A ação pede a remoção imediata de três vídeos publicados no Instagram no último dia 10 de março que espalham notícias falsas e tentam associar Lula, o PT e lideranças do partido, como a ministra Gleisi Hoffmann (Secretaria de Relações Institucionais), ao crime organizado. Trata-se de uma tentativa deliberada de manipular a opinião pública e degradar adversários políticos antes mesmo do início oficial do período eleitoral.
Os vídeos afirmam de forma mentirosa que o presidente Lula e o PT estariam ligados a facções criminosas, além de sugerir que o governo federal atuaria para proteger organizações como o Primeiro Comando da Capital (PCC). “Os valores e objetivos da política externa brasileira são propositalmente distorcidos para, em meio à exposição de imagens cruas de violência física/psicológica, influenciar a opinião do eleitorado e fomentar a falsa percepção de que o Chefe do Executivo e o PT atuam na “proteção” dos interesses de facções criminosas”, afirmam os advogados que representam a Federação.
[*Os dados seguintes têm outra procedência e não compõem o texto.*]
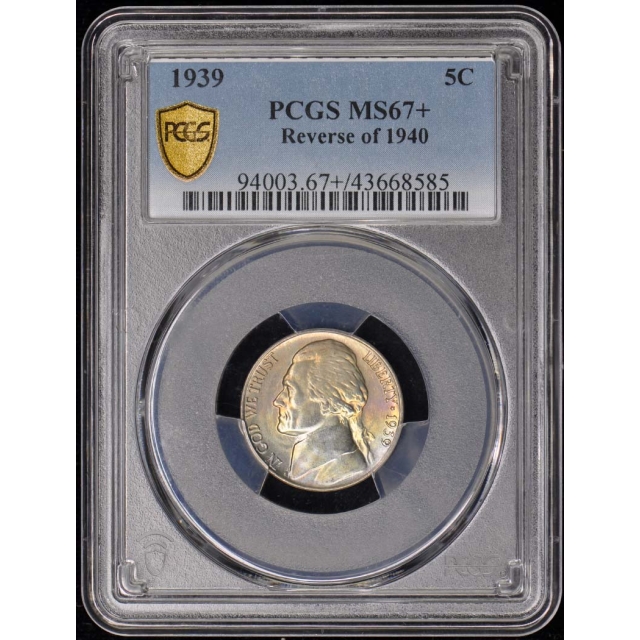 1939 5C Reverse of 1940 Jefferson Nickel PCGS MS67+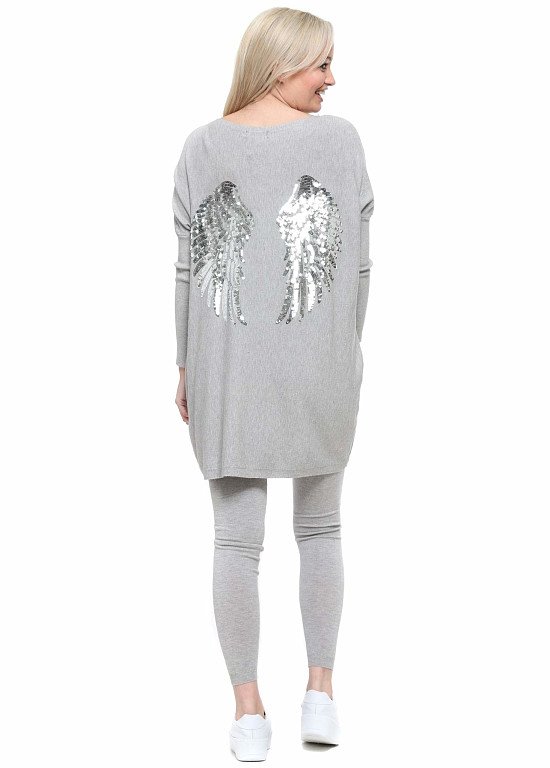 Grey Sequinned Wings Lounge Set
No pedido encaminhado ao TSE, a federação solicita uma decisão liminar para que os três vídeos sejam removidos imediatamente do Instagram no prazo de 24 horas. O objetivo é evitar que o conteúdo continue circulando e amplificando a desinformação nas redes sociais.
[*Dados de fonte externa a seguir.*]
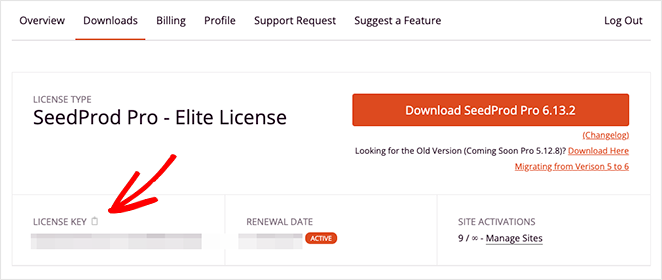 Download page for SeedProd Pro plugin with ZIP file and license key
A ação também pede a aplicação de multa contra os responsáveis pela divulgação das publicações. Pela legislação eleitoral, a prática de propaganda antecipada pode resultar em penalidades que variam de R$ 5 mil a R$ 30 mil, valor que a federação solicita que seja aplicado no patamar máximo devido à gravidade do caso e ao alcance das contas envolvidas.
As acusações absolutamente falsas fazem parte de uma estratégia recorrente de desinformação que tem marcado a atuação política do bolsonarismo nas redes sociais. Os vídeos utilizam recortes distorcidos de notícias, áudios fora de contexto e até mesmo imagens manipuladas com inteligência artificial para criar uma narrativa alarmista e enganosa.
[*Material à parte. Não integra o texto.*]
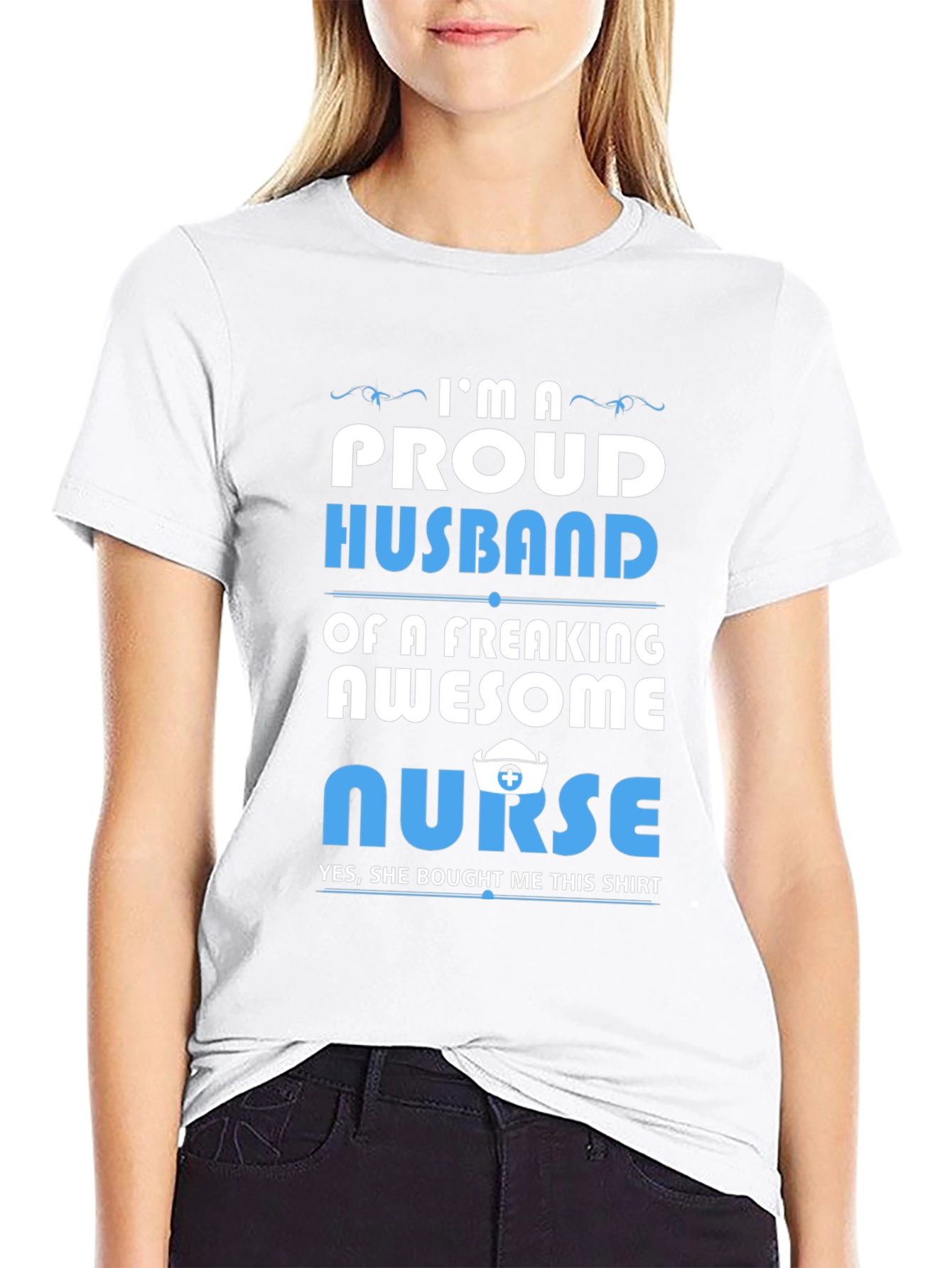 Proud Husband Awesome Nurse Graphic Tee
Um dos vídeos reaproveita um áudio de interceptação telefônica de 2019 já analisado pela Justiça Eleitoral. O próprio TSE decidiu anteriormente que o material não comprova qualquer ligação entre o PT e organizações criminosas. Mesmo assim, anos depois, o mesmo conteúdo voltou a ser utilizado nas redes sociais para insinuar, de maneira desonesta e totalmente inverídica, uma suposta proximidade entre o partido e o PCC.
Para se ter uma ideia da gravidade do caso, o senador Flávio Bolsonaro já foi condenado pelo TSE justamente por utilizar esse mesmo áudio para atacar o PT durante as eleições de 2022. Na decisão, o tribunal concluiu que não havia base factual para sustentar as acusações divulgadas nas redes sociais e aplicou multa ao parlamentar.
Outro vídeo questionado na ação usa inteligência artificial para manipular imagens do rosto da ministra Gleisi Hoffmann, um exemplo claro de uso abusivo de tecnologias digitais para espalhar desinformação.
Pela legislação brasileira, a propaganda eleitoral só é permitida a partir de 16 de agosto do ano da eleição. Antes dessa data, manifestações políticas são permitidas, mas não podem incluir ataques à honra de possíveis candidatos nem divulgar fatos sabidamente inverídicos com o objetivo de influenciar o eleitorado.
Governo Lula no combate ao crime organizado
A representação também ressalta que a estratégia de desinformação ignora a realidade das políticas públicas adotadas pelo governo Lula no combate ao crime organizado. Dados apresentados na ação apontam que operações da Polícia Federal desmobilizaram mais de R$ 9,6 bilhões em ativos do crime organizado apenas em 2025, além de um prejuízo acumulado superior a R$ 20 bilhões às organizações criminosas desde o início da atual gestão.
A petição cita ainda a ampliação de investimentos em segurança pública, com mais de R$ 3 bilhões destinados aos fundos nacionais de segurança e do sistema penitenciário, bem como o reforço das operações de repressão ao tráfico e ao contrabando nas fronteiras e rodovias federais.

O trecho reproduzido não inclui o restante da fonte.